## Required action
Leave out the pictures and restate the rest of the data exactly.

## Dataset section
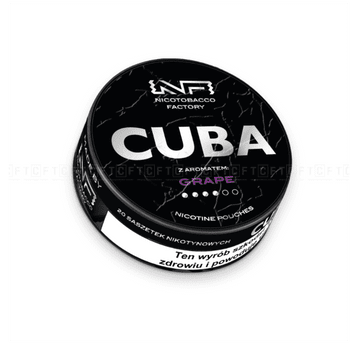 Woreczki Nikot. CUBA Black 20mg/g - Grape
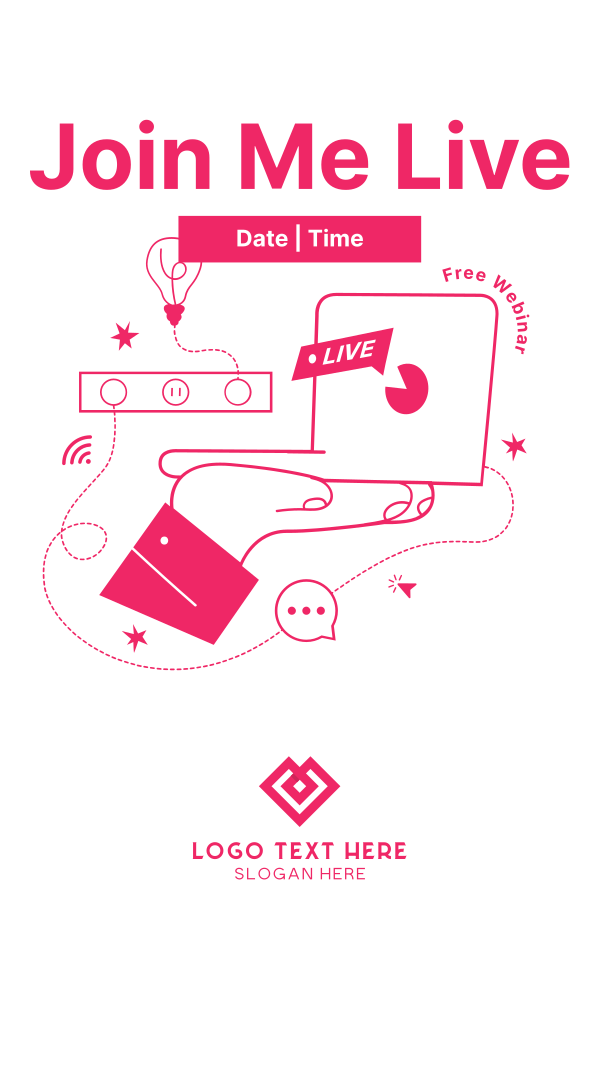 Webinar Live Instagram Story Design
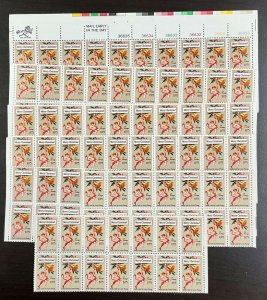 1580 Christmas1975 In-Line perforation Lot of 115 stamps MNH (10¢) FV$11.50 1975
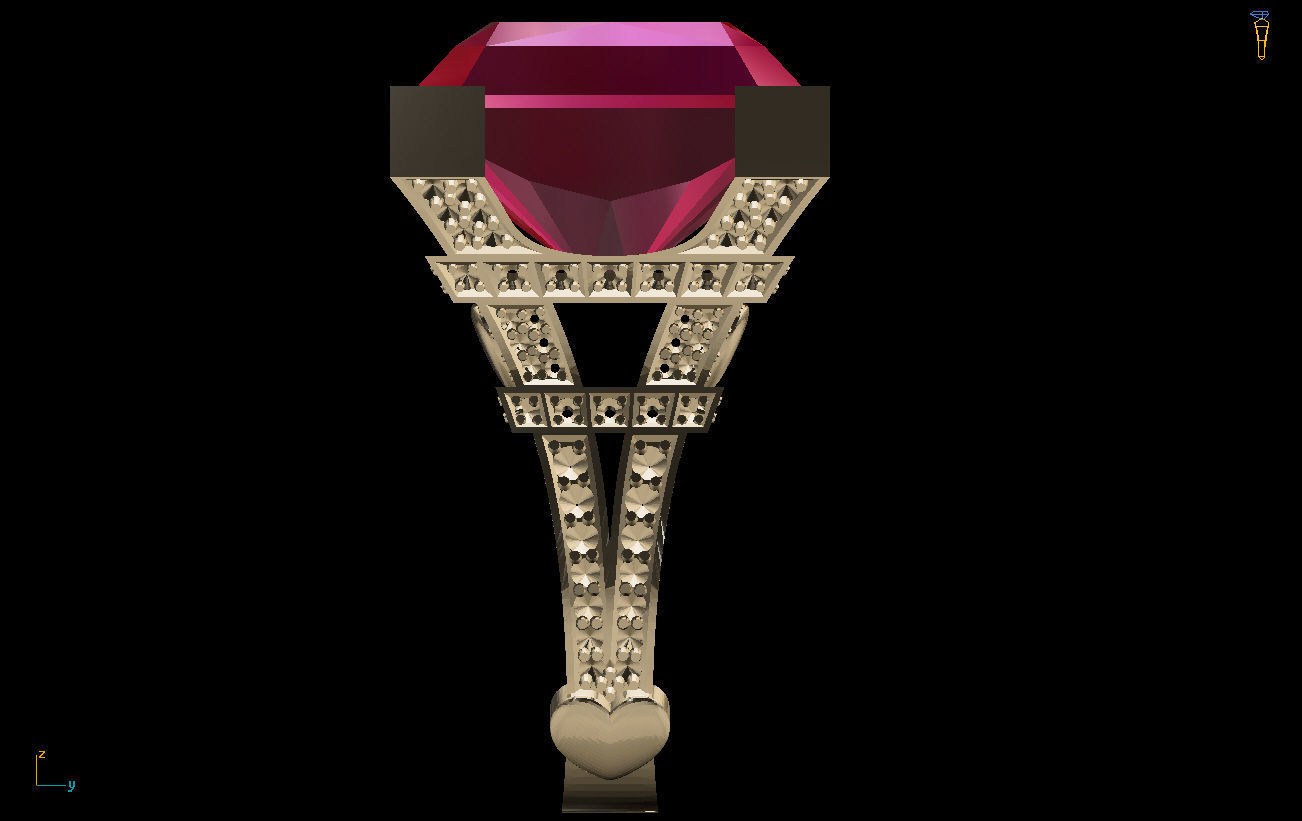 eiffel-tower-ring-3d-model-stl ruby ring in gold 3D print model_1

## Result below
 Woreczki Nikot. CUBA Black 20mg/g - Grape
 Webinar Live Instagram Story Design
 1580 Christmas1975 In-Line perforation Lot of 115 stamps MNH (10¢) FV$11.50 1975
 eiffel-tower-ring-3d-model-stl ruby ring in gold 3D print model_1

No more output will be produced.